Why Monetary Stimulus Is Needed

So far, the retail surveys show constrained activity but not contracting activity. The best way to describe this whole thing is that on the consumer side, we have generated a Christmas Club economy. That means consumer-side pricing for the basics will be very sensitive.

Chicago PMI: Under the circumstances, this is a very strong report. It shows slowing activity but also continued growth at a nice level that should tend to provide some bottom-level push up in the economy. The headline was 56.7 (aggregate indicator). That is well above the 40 year median, although this month production did drop below the median. Order backlogs and employment are way above the median, which suggests continued health for months. Prices paid are well below the median, although some of the comments received suggest that manufacturing will be price-sensitive as well.

And that is good, because the bid/cover on four week T-bills was 4.02, on three month T-bills it was a staggering 4.95, and on six month bills it was 4.18. And you know what that means - it means that buying is concentrated on end-of-quarter and end-of-year needs, and probably a lot of the buying is from banks. Maybe a lot of demand overseas. German bunds are hot also, and the rising yields for the riskier European stuff certainly might make European banks buy the stables. But to the extent that it is domestic, it certainly implies that banks will tend to be pulling money out of the economy rather than inserting money into the economy.

State Street's investor confidence survey fell again. The Conference Board's consumer confidence index showed an uptick from July, but is still at 53.5, which is not only very low historically, but is in fact below the year-ago level. The current situation assessment as 24.9 fell significantly from July's 26.4. Again, these levels demonstrate both price concerns and employment concerns. The future expectations are all that is holding this thing up, and the problem is that those expectations will be modified by experience.

Again, the negative assessment of current conditions is concerning given gas prices. See TWIP (This Week In Petroleum). Current gas prices are near year-over-year parity, and diesel is not up that much YoY. Stocks of finished product are running extremely high, though, except for propane which is solidly in the middle of the average range. And crude stocks continue well above the average range. There is very little pricing support for this market, but refining margins are quite restrained. See the two pump graphs at the right on this page.

The grocery business is suffering an extremely tight pricing environment. This is pretty much the case everywhere except for extreme high-end. I direct you to Lempert's commentary on the spread between retail food prices and wholesale food prices. And this brings me to a fact which did not escape the attention of Brian Horey of Aurelian Management. I like Brian, because he literally sits down and goes through the reports and the financials.

The minute the GDP update came out, Brian emailed me about food's second quarter performance in GDP, which was, you guessed, negative. In fact, in real terms, food expenditures fell 5.7% (see Table 3 on page 7) And this brings us back to the first link in the paragraph above, which is about Winn-Dixie's 5.2% same-store sales drop. Winn-Dixie is really outperforming! Now, almost always such an indication will either correct of its own or, if it cannot correct, will produce a hard contraction within a year or two.
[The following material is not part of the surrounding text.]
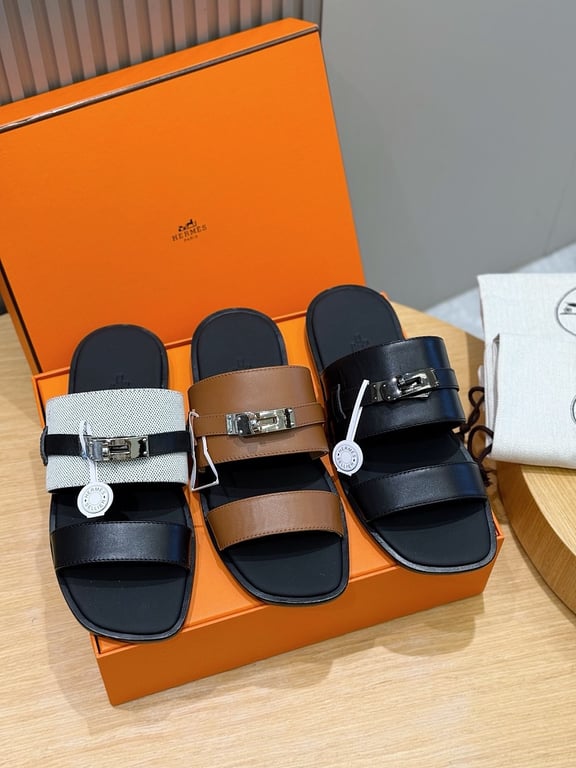 Hermès Empire Sandals Black White - 2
Unfortunately the BEA doesn't report much in the way of the differences I track, but it is easy to see from the detailed NIPA tables how close a correspondence between the economy and food sales there is.

Okay, you knew you weren't going to escape the graphs. These are percent changes for GDP and the food purchased for off-premises consumption.
Chained Dollar, Recent:









Current dollar, recent:









Current dollar, the long view:








Based on food alone, we have entered the next contraction. Normally freight and so forth would have to correspond, but the truth is that we are not in a normal period. We are in a depression-like period. Anyway, this is what Who Struck John (it was reality that whapped him, apparently), who is in the food business, has been seeing and recounting to us.
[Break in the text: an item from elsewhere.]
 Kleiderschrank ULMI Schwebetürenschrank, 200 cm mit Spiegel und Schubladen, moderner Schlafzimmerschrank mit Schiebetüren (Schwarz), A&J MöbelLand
Now, usually a substantial period of declines in the slopes for food will predict a recession. Sometimes that will be offset by another environmental economic change, such as monetary/rate stimulus, which produces a favorable cycle by shoving more money into people's pockets with which to buy food.

Or, as in 2005, people can just respond by borrowing tons of money. But obviously the ability to keep borrowing is limited, so sooner or later that catches up with you.
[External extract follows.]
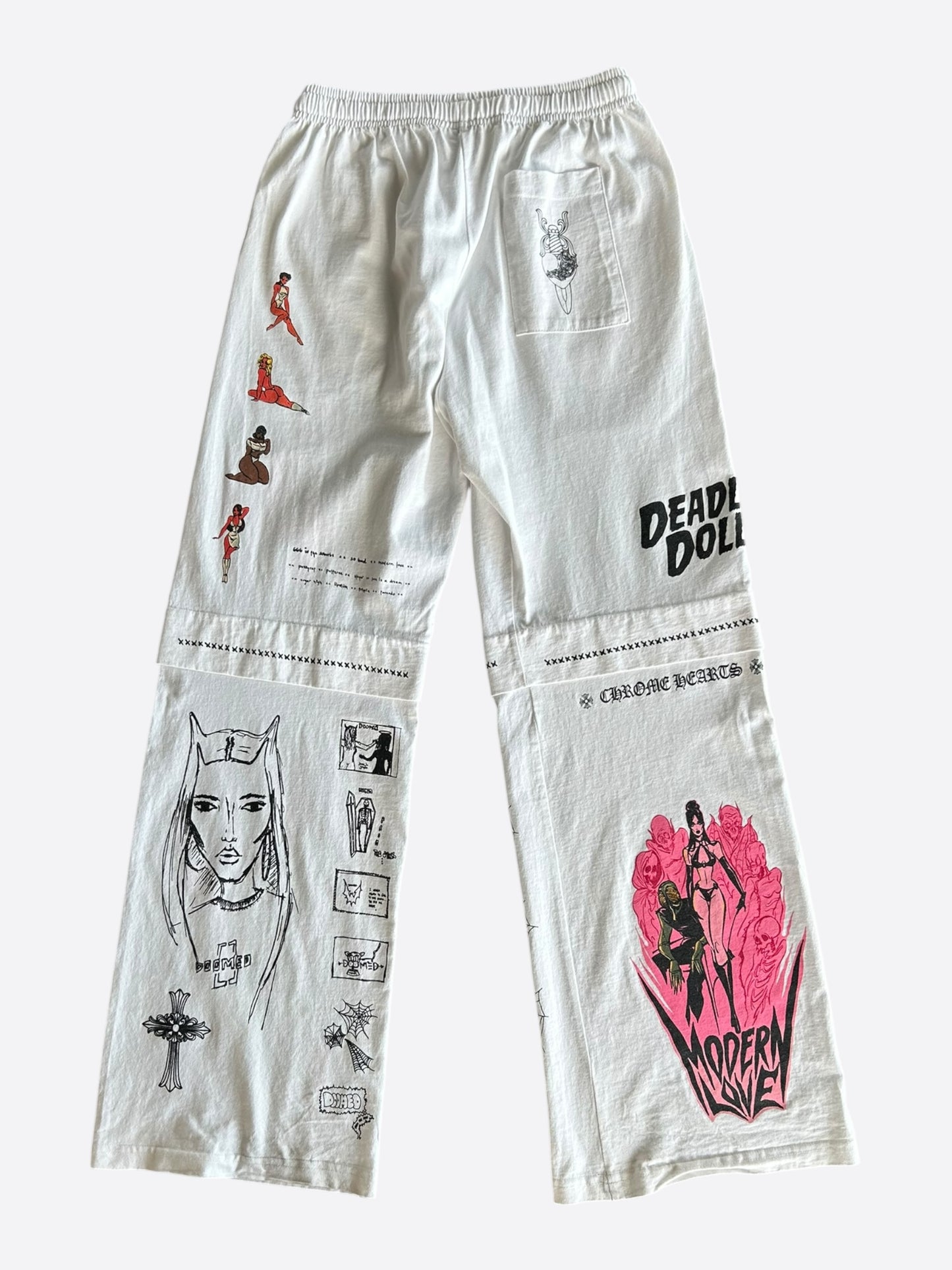 Chrome Hearts White & Multicolor Deadly Doll Sweatpants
And this is the explanation for why I had to hit Barro with a club yesterday. An economics which is not concerned with the fact that the population is having trouble feeding itself is an idiotic economics doomed to fail. The reason why food sales dropped on a nominal basis in Q2 was that many people lost their unemployment benefits, and the jobs weren't there to replace incomes.

It will be difficult to craft policy responses sufficient to overcome this, although the recent extension of both the qualification dates for the tiers and the qualification dates for the initial unemployment (gets you on the ladder) will help.

Next we go back to monetary stimulus, hopefully with a bit of reality imprinted in our brains. I am not even going to take up Kocherlakota's speech, which Saloner described accurately as "
Another genius that misses the economic wood for the mathematical tree."

Comments:
I have to say, reality leaves a lot of welts and bruises.
 
Isn't it time, after non-stop, and unsuccessful fiscal/monetary policy for 2 years straight, and, wouldn't it be in the best interest of all unemployed, if commentary switched from " how do we ameliorate short-term fluctuations in the economy " to " how do we lower what appears to be a higher natural rate of unemployment. " Let's face it, short term fiscal and monetary policy has been ineffective in increasing the demand for labor. Another route to this end is to improve the determinants of growth over the long-term. How?
May be the biggest is: end corporate income tax ( as Fred Smith ( FedEX ) has pointed out, the US tax code is particularly punitive for capital intensive industries ). Also, end taxes on all forms of private saving and investment, establish a rigorous cost-benefit basis for all regulation across the economy, end labor monopolies, improve human capital by reforming k-12 education .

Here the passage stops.